# YOUR ASSIGNMENT
In your copy of the data, omit the pictures and keep all else exactly as given.

# ENTRIES SHOWN
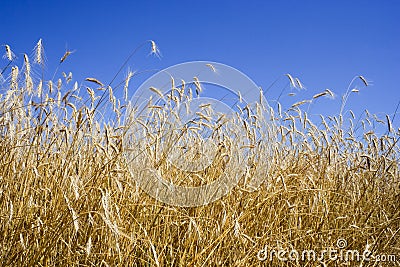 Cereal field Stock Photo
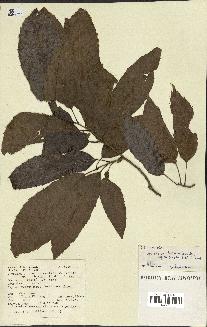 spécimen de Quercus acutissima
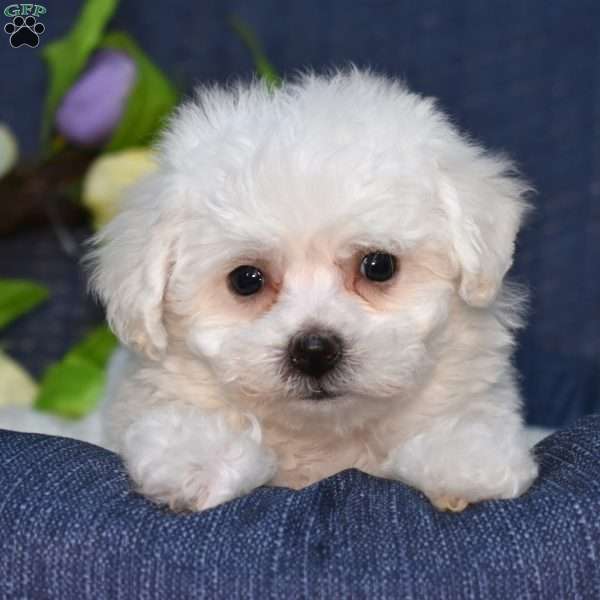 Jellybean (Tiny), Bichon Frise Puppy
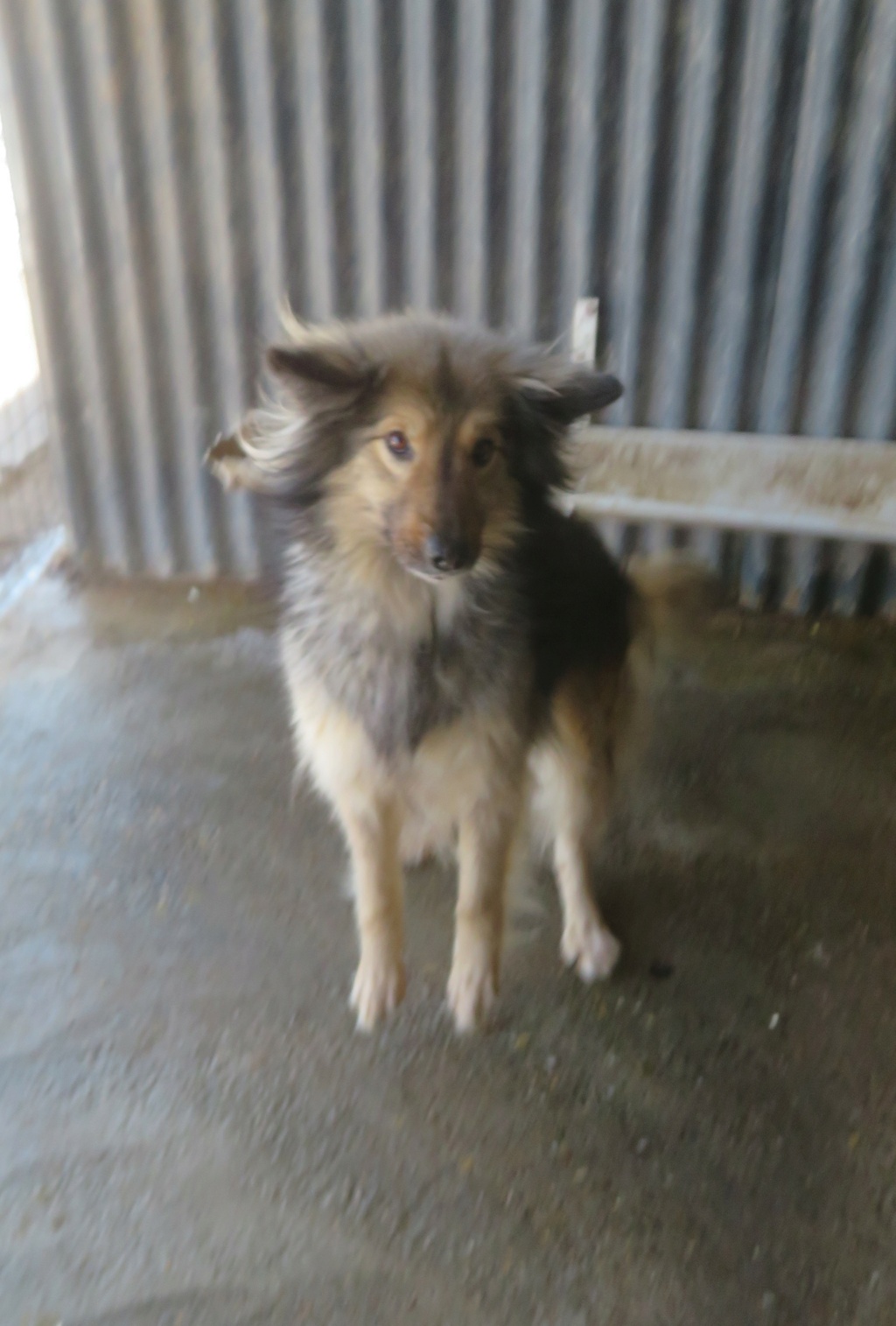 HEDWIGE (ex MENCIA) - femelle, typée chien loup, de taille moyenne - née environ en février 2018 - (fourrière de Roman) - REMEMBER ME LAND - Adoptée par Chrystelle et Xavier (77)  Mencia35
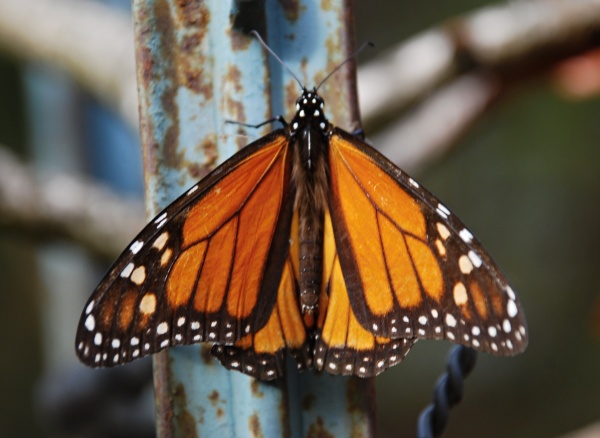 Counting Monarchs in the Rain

# EXERCISE SOLUTION
 Cereal field Stock Photo
 spécimen de Quercus acutissima
 Jellybean (Tiny), Bichon Frise Puppy
 HEDWIGE (ex MENCIA) - femelle, typée chien loup, de taille moyenne - née environ en février 2018 - (fourrière de Roman) - REMEMBER ME LAND - Adoptée par Chrystelle et Xavier (77)  Mencia35
 Counting Monarchs in the Rain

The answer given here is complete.